Chiudo sottolineando come quest’ultima opera di Panahi vada in sostanziale controtendenza rispetto alla sua più recente filmografia. Da This Is Not a Film (In film nist, Iran, 2011), a Taxi Teheran (Taxi, Iran, 2015), da Tre volti (Se rokh, Iran, 2018)al più recente Gli orsi non esistono (Khers nist, Iran, 2022), egli aveva messo in scena la propria condizione di regista dissidente, sotto controllo o sotto processo, assumendo su di sé, o meglio sul proprio corpo esposto davanti alla macchina da presa, il principio di visibilità da cui il cinema non può prescindere se intende raccontare il presente. Un semplice incidente sceglie invece di compiere una sorta di passo indietro, se non altro perché lavora per sottrazione e allusività, ma anche perché sembra recuperare «nostalgicamente» una serie di elementi espressivi che hanno caratterizzato la narrazione per immagini nella sua stagione classica e moderna e che non sempre si ritrovano nei film contemporanei. Affidarsi all’invisibile, all’assente, all’ombra, all’immaginario, insomma a tutta la forza espressiva del fuoricampo, non è solo un modo efficace per evocare gli aspetti più pervasivi e coercitivi di un potere in atto, ma è anche un modo per tornare a fidarsi del carattere intimamente teorico del film, quello più impalpabile e dunque più bisognoso di analisi e ponderazione. Un semplice incidente è, in altri termini, un film che sarebbe piaciuto a un’intera generazione di studiosi, da Bonitzer a Marc Vernet, da Noël Burch a Stephen Heath, da Jacques Aumont a Michel Chion, proprio perché dimostra una fiducia «cieca» nelle possibilità salvifiche del cinema.

Riferimenti bibliografici
J. Aumont, L’immagine, Lindau, Torino 2007.

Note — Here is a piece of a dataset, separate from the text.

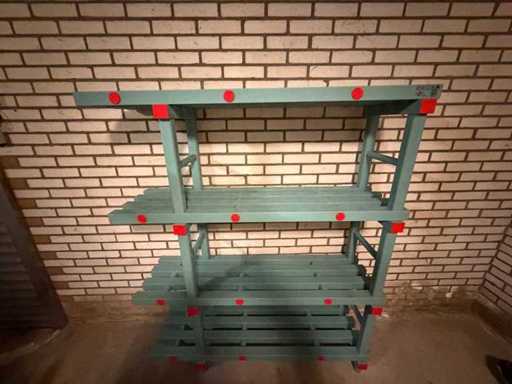 Rea - Plastic Shelf Rack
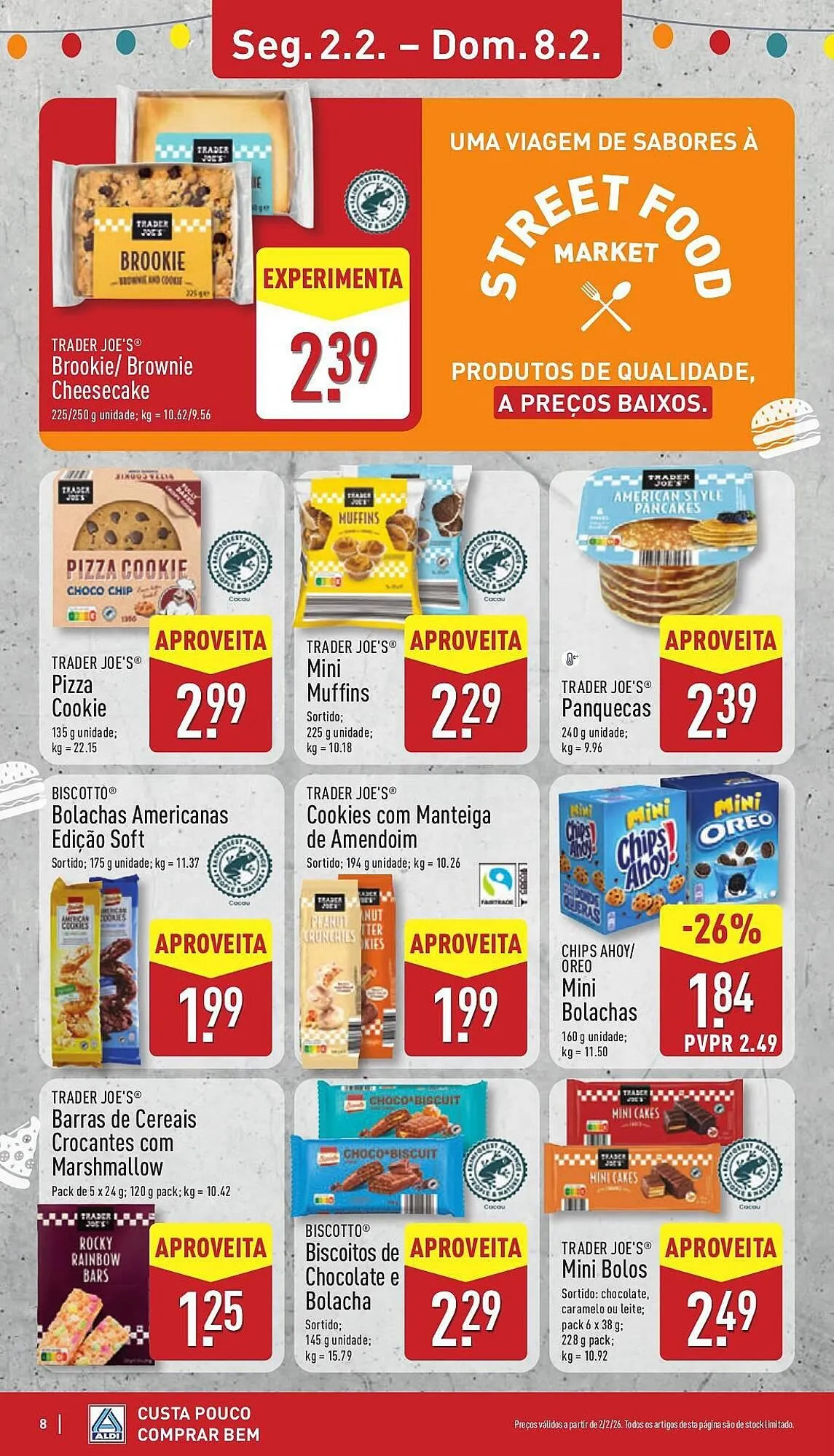 Folheto Folheto Roady de 2 de fevereiro até 8 de fevereiro 2026 - Pagina 8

P. Bonitzer, Le champ aveugle : Essais sur le réalisme au cinéma, Cahiers du cinéma, Parigi 1982.
N. Burch, Prassi del cinema, Il Castoro, Milano 2000.
L.H. Eisner, Fritz Lang, DaCapo Press, New York 1976.
M. Vernet, Figure dell’assenza. L’invisibile al cinema, Kaplan, Torino 2008.
V. Zito, Visioni di contrabbando: il cinema inarrestabile di Jafar Panahi, Digressioni Editore, Milano 2020.